Stephen Elop: As I wander around and talk to people, there's something happening here. Everyone knows every single day we have to work harder and with more urgency. We need to challenge what everyone is doing. We need to keep doing that. They're working on the next set of products, and the next ones. They're excited, because you ain't seen nothing yet. It starts with motivated employees delivering great products.
When we were in the final stages of the Lumia 920 and finalizing it for AT&T launch, you bet I'm on every one of those last phone calls, and asking the questions. People are exhausted when they cross that goal line. But they feel wonderful.
There's been a marked shift towards this challenger mindset. We have to move with urgency. We have to have empathy and listen to our customers. How do we respond to consumer demand that we haven't done as quickly as before? How do we take those bold steps? How do we disrupt the competition?
From what I've seen in this organization, that shift is happening. The first Lumia phone was delivered in a fraction of the time that a phone has ever been produced at the company.
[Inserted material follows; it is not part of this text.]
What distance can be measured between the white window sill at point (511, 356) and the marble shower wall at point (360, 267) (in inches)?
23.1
When I started early on I asked a question: What do you want me not to change? They said, the sense that we do good things for society. It's helping people communicate, connecting the next billion people to the Internet, helping move people forward. Culturally, that has continued to remain important. Essentially, we help humans progress. We're not just here to sell phones -- we have higher aspirations.
What has surprised you about Nokia?
Elop: I've said this before, but I see a landscape of unpolished gems. There's lots of great engineering, new ideas, but they have not been brought to market effectively. That's what you see with the Lumia 920. We're starting to polish the gems. Our patent portfolio is an expression of the innovation you've generated over the years.
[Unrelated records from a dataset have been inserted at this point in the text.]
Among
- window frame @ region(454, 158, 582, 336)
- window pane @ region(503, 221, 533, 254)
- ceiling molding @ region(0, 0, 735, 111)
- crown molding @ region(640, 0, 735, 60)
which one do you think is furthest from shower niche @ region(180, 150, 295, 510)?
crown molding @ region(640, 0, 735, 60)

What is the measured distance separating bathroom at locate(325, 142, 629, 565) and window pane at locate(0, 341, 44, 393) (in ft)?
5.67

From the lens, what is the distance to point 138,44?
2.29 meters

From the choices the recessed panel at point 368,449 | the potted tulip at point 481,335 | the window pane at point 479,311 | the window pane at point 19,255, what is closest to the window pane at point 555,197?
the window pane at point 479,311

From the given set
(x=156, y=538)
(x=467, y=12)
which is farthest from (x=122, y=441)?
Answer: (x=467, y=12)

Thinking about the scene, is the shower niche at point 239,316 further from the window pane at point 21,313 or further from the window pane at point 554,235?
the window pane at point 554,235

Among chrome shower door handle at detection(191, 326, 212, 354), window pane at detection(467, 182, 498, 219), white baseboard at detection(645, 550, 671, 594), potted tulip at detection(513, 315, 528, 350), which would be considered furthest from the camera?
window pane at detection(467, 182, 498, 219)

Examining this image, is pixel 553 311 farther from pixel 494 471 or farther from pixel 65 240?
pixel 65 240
Clearly after years of investment, there were some fundamental challenges. There's a sense that if you're the largest and biggest, perhaps you think you know more than you do. It's hard to feel disruption. One of the things I had to change was the way we went after new strong players.
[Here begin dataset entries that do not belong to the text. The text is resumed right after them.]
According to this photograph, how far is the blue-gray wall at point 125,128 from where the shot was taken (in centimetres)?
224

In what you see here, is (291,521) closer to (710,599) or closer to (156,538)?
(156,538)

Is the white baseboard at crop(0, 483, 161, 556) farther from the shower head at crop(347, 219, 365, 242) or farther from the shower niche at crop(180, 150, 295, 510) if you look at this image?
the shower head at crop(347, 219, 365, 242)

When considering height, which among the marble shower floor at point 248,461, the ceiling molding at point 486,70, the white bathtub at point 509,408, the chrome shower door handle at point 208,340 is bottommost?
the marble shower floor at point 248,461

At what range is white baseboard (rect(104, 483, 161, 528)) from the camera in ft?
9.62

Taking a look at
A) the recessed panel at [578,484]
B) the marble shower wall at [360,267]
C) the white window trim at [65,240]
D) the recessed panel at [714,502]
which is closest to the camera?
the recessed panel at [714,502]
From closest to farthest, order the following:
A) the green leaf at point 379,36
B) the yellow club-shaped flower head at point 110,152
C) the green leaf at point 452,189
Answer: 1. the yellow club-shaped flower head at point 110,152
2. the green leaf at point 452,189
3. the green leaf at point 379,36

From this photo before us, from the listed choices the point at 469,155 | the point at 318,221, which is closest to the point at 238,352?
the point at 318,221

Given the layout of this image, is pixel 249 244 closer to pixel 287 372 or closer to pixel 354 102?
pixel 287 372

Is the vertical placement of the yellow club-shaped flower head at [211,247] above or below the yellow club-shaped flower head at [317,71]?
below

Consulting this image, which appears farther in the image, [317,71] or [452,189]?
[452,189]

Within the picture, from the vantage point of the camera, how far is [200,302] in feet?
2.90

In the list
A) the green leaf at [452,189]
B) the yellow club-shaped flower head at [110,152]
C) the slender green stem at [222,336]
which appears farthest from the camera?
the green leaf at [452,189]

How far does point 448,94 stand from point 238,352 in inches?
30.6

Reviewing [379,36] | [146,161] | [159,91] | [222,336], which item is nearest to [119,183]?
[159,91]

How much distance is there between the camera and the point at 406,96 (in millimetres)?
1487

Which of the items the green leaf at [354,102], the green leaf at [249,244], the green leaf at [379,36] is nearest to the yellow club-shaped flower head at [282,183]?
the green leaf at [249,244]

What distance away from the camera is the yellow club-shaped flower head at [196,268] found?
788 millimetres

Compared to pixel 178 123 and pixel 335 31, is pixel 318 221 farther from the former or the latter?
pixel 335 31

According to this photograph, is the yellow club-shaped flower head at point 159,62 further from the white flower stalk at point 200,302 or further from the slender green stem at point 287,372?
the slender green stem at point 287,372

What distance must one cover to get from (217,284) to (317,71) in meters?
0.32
How have you adapted to life in Finland? (Elop is a Canadian citizen.)
Elop: It's been quite complimentary to my background. The cultures of Finland and Canada are remarkably similar. Both countries have grown up in the shadow of large neighbors, whether it's the Soviet Union for Finland and the U.S. for Canada. But there's a passion for great product-making and quality workmanship here. It's a joy to experience here.
It's an interesting aspect, but it's just one part of Nokia's world. Nokia is one of the very few companies in the world that's truly a global company. In the last two weeks, I've been in the U.S. and Beijing, where Nokia holds full operations. Acclimating to Nokia is not just acclimating to Finland, but to operations on a global basis.
At Microsoft, it was a U.S. company doing business overseas. Nokia in China, for instance, is a particular company that does business in China and has its own relationships with local businesses, and it's the same in India, U.S., and other parts of world.
I know I've asked you this before, but why Windows Phone? Why bet on an operating system that so few people have heard about or embraced?
Elop: The single most important word is differentiation. It was about having to make a decision that allows us to stand out separately and distinctly.
With the Lumia 920, the product is differentiated based on Nokia innovation, but you also see a fundamental point of differentiation because it is a Windows Phone device.
Read: Nokia's defunct MeeGo finds new life as Sailfish
It is also a strategic decision based on establishing a relationship with the carrier. We didn't want to schlep into a carrier and tell them why our Android phone is better. Almost two years ago, we were concerned that someone with vertical integration and an early lead would establish a strong position, and that happened with Samsung and Android.
Entering that environment late, we would have a hard time differentiating. We are standing up as different. We still have to fight our way up in terms of market share, but we have an opportunity because people see us as an alternative.
How is the Lumia 920 doing?
Elop: We're certainly pleased. There's excitement in the sales organization, although there's frustration due to limited supply. Our focus is on broadening distribution. You'll see us launch in more and more countries. We got onstage (back in September during the launch) and said rather boldly that it was the most innovative phone out there. We stand by that statement.
This is something everyone in Nokia is feeling today. It's that sense of pride that we're doing our best work. It's very encouraging.
Why is the Lumia 920 an exclusive on AT&T? Don't you want to go after as many customers as possible?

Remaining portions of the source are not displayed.